I really think Adobe could have made a better job of implementing this feature. :shock:


----------



## jasonkrasnov (Mar 10, 2012)

You should see the “Lightroom Catalog Upgrade” dialog after right clicking on that file and select “open with Adobe Photoshop Lightroom 4″. *Be very careful with this step*. Catalog names can NOT be changed later. I strongly suggest you click on “change” and determine the best *location *and *name* for your upgraded catalog.


You should see the “Lightroom Catalog Upgrade” dialog. *Be very careful with this step*. Catalog names can NOT be changed later. I strongly suggest you click on “change” and determine the best *location *and *name* for your upgraded catalog.



We just finished a whole article for this exact tutorial on my company page:






(Mod Note: Embedded link removed. If you're interested, it referred to Eduardo Angel Photography, google it.

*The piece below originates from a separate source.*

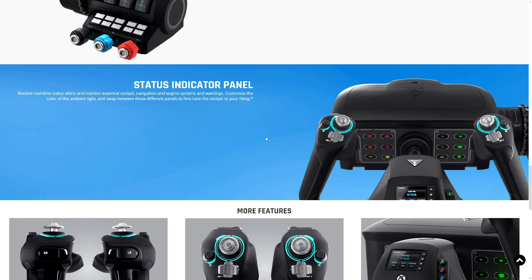It also has a status indicator panel that delivers real-time status alerts and monitors essential cockpit navigation, engine systems, and warnings. You can customize the color of the ambient light and swap between three different panels to fine-tune the cockpit to your liking — so you have unlimited customization, including choosing your warning sign colors: red, green, or blue.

The information there, was blatantly wrong in places, however.  Jason Krasnov, we're willing to listen if you care to explain all of this.)


----------



## Brad Snyder (Mar 11, 2012)

So just to be clear jasonkrasnov, your first post to our forum is an ad for a blog, not to mention the patently incorrect information provided?

Well, thanks for the information, I guess.


----------



## Jim Wilde (Mar 11, 2012)

Brad, this is a partial lift of a post made to the U2U forums yesterday, I (and Geoff) pointed out the inaccuracy about renaming catalogs over there.....but it doesn't appear as though the message got through!


----------



## Brad Snyder (Mar 11, 2012)

I'm suspicious as well, Jason Krasnov, on the surface appears to have nothing to do with Eduardo Angel, to whom the link points ( and where the incorrect info is originally provided).

I'm going to remove the link, just in case it mysteriously turns to spam.


----------